If the calculated p-value is less than the chosen significance level, we reject the null hypothesis and assert that the marketing manager's claim is not correct. Alternatively, if the p-value is greater than the significance level, we fail to reject the null hypothesis, suggesting that the marketing manager's claim could be correct.

Key concepts

Null Hypothesis

In hypothesis testing, the null hypothesis is a statement that implies no effect or no difference in the population. It is essentially a baseline against which we measure our results. For our exercise, the null hypothesis (denoted as \(H_0\)) suggests that the true population proportion of adult Americans who want car web access is \(0.50\).
This represents the claim that the proportion is similar enough to half, showing no significant difference from the proverbial midpoint.
In mathematical terms:

• \(H_0: p = 0.50\)

Our goal is to test this claim against the evidence gathered from the sample.

Alternative Hypothesis

The alternative hypothesis provides the opposite stance to the null hypothesis. It proposes that there is a significant effect or difference. When conducting a hypothesis test, we wish to see if the data provides enough evidence to support this alternative perspective.
In our given example, the alternative hypothesis (denoted as \(H_1\) or \(H_a\)) suggests that the true population proportion is less than \(0.50\), contradicting the marketing manager's statement.
Mathematically, this is expressed as:

• \(H_1: p < 0.50\)

This suggests that less than half of adult Americans want web access in their cars.

P-value

The p-value plays a crucial role in hypothesis testing, as it helps quantify the evidence against the null hypothesis. It provides the probability of observing the test results under the assumption that the null hypothesis is true.
A smaller p-value indicates stronger evidence in favor of the alternative hypothesis. In decision-making, we compare the p-value to a chosen significance level (usually \(0.05\)):

• If \(\text{p-value} < 0.05\), we reject the null hypothesis.
• If \(\text{p-value} \geq 0.05\), we fail to reject the null hypothesis.

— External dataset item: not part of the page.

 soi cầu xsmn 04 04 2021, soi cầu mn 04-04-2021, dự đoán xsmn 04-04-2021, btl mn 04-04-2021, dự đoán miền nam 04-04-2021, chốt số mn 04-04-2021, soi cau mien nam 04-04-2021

In this exercise, the p-value will help us determine if the difference between the surveyed and claimed proportions is statistically significant.

Test Statistic

The test statistic is a standard value we calculate from our sample data, which follows a certain distribution under the null hypothesis. For proportion tests, like in this exercise, we often use the Z-statistic, which tells us how far our sample proportion is from the assumed population proportion under the null hypothesis.
The formula for the Z-statistic in testing proportions is:

• \[ Z = \frac{\hat{p} - p_0}{\sqrt{\frac{p_0(1 - p_0)}{n}}} \]

where:

• \(\hat{p}\) is the sample proportion (\(0.46\) in this case).
• \(p_0\) is the population proportion under the null hypothesis (\(0.50\)).
• \(n\) is the sample size (1005).

Computing this will give us our test statistic, which we use to find our p-value.

Population Proportion

Population proportion is a parameter that indicates the fraction of the population that shares a certain characteristic. In hypothesis testing, we often compare the observed sample proportion (\(\hat{p}\)) with an expected population proportion (\(p\)) based on past claims or analysis.
In our example, the survey suggests that \(46\%\) of adult Americans are interested in car web access, while the hypothesized population proportion (from the null hypothesis) is \(50\%\).
Understanding and comparing these proportions through hypothesis tests helps in verifying claims about the population and provides insights into whether the observed sample accurately reflects the broader population trend.